BRIEF:
When copying the entries below, leave out every picture and keep the rest exact.
=== RECORDED DATA ===
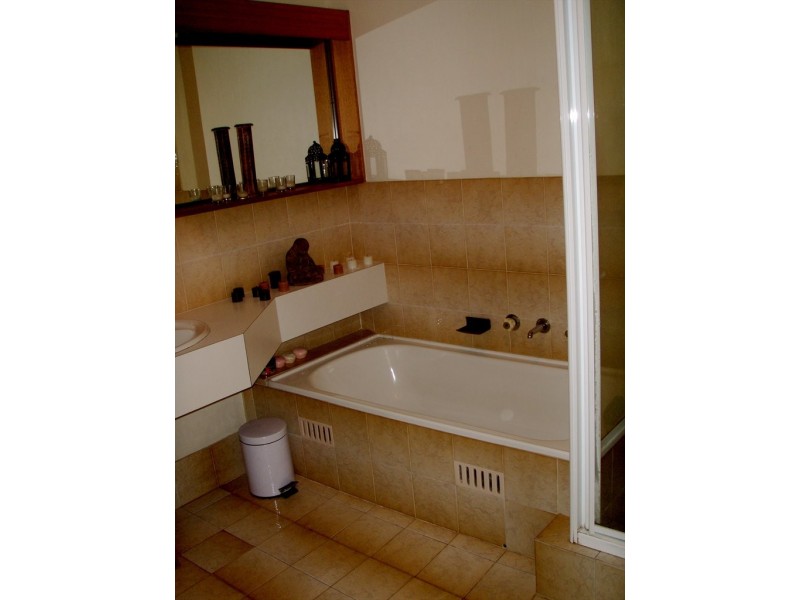 215 Bridge Road, Glebe NSW 2037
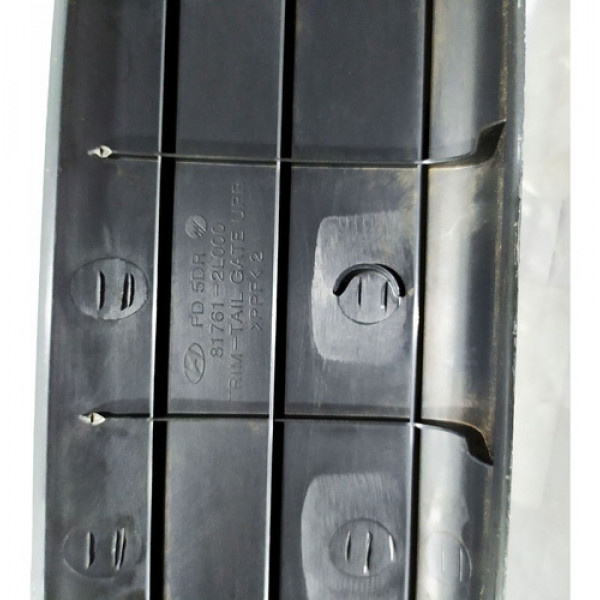 Moldura Interna Superior Tampa Traseira Hyundai I30 2.0  201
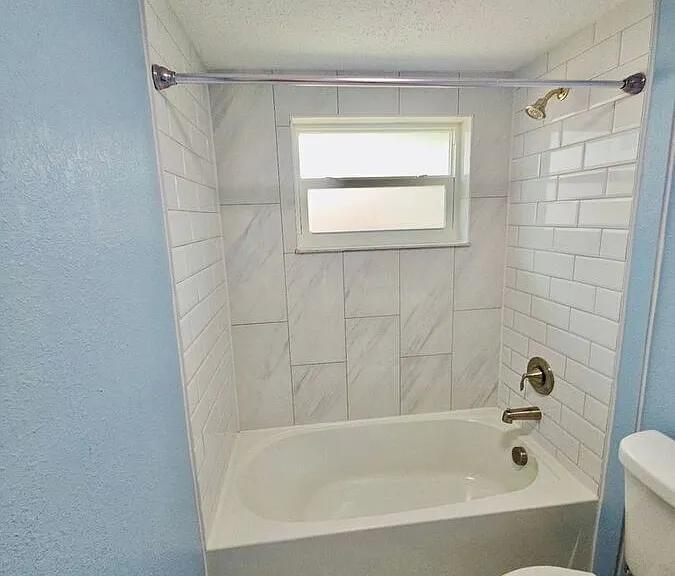 9100 Hunt Club Ln — Photo 39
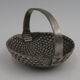 Basket tin braided deco vintage table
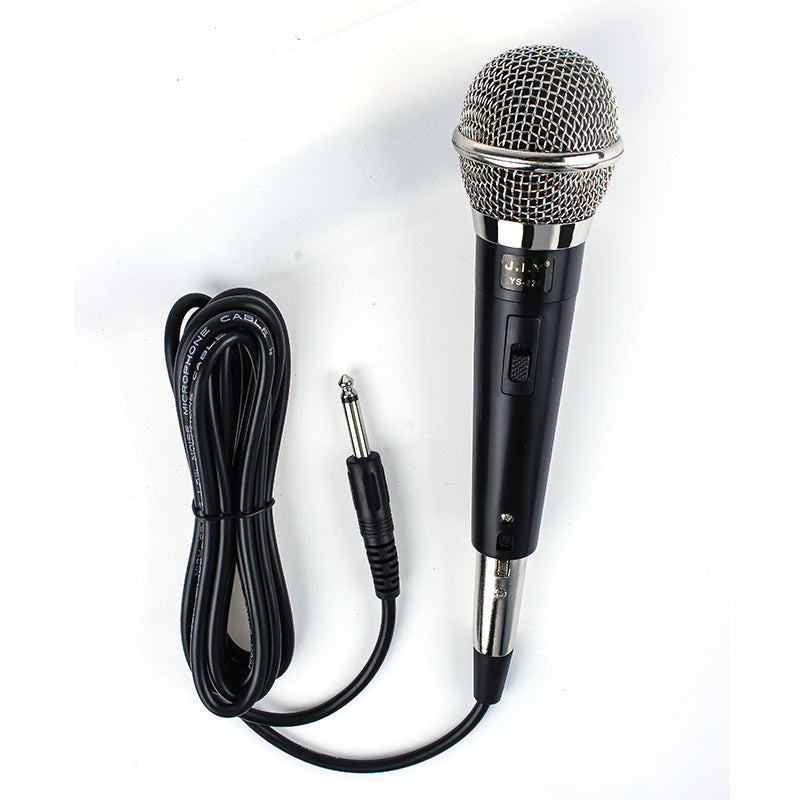 Kabelgebundenes Mikrofon mit Soundkarte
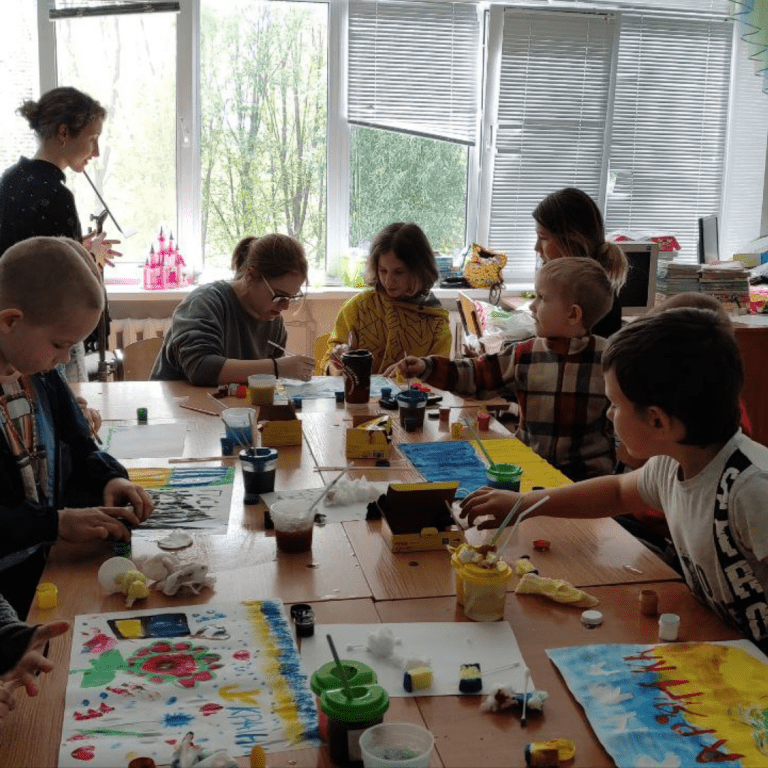 Арттерапевтична робота магістрантів кафедри психології з дітьми ВПО в проєкті «Мистецтво допомагає» від БФ «Приятелі дітей»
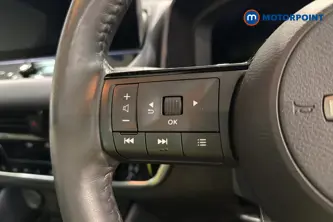 Nissan Qashqai Tekna Automatic Petrol-Electric Hybrid SUV - Stock Number (1669768) - 4th supplementary image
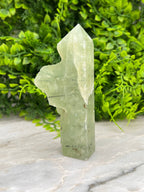 Prehniet toren half ruw half gepolijst by KEY LIME STORE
===
RESPONSE TO THIS EXERCISE:
 215 Bridge Road, Glebe NSW 2037
 Moldura Interna Superior Tampa Traseira Hyundai I30 2.0  201
 9100 Hunt Club Ln — Photo 39
 Basket tin braided deco vintage table
 Kabelgebundenes Mikrofon mit Soundkarte
 Арттерапевтична робота магістрантів кафедри психології з дітьми ВПО в проєкті «Мистецтво допомагає» від БФ «Приятелі дітей»
 Nissan Qashqai Tekna Automatic Petrol-Electric Hybrid SUV - Stock Number (1669768) - 4th supplementary image
 Prehniet toren half ruw half gepolijst by KEY LIME STORE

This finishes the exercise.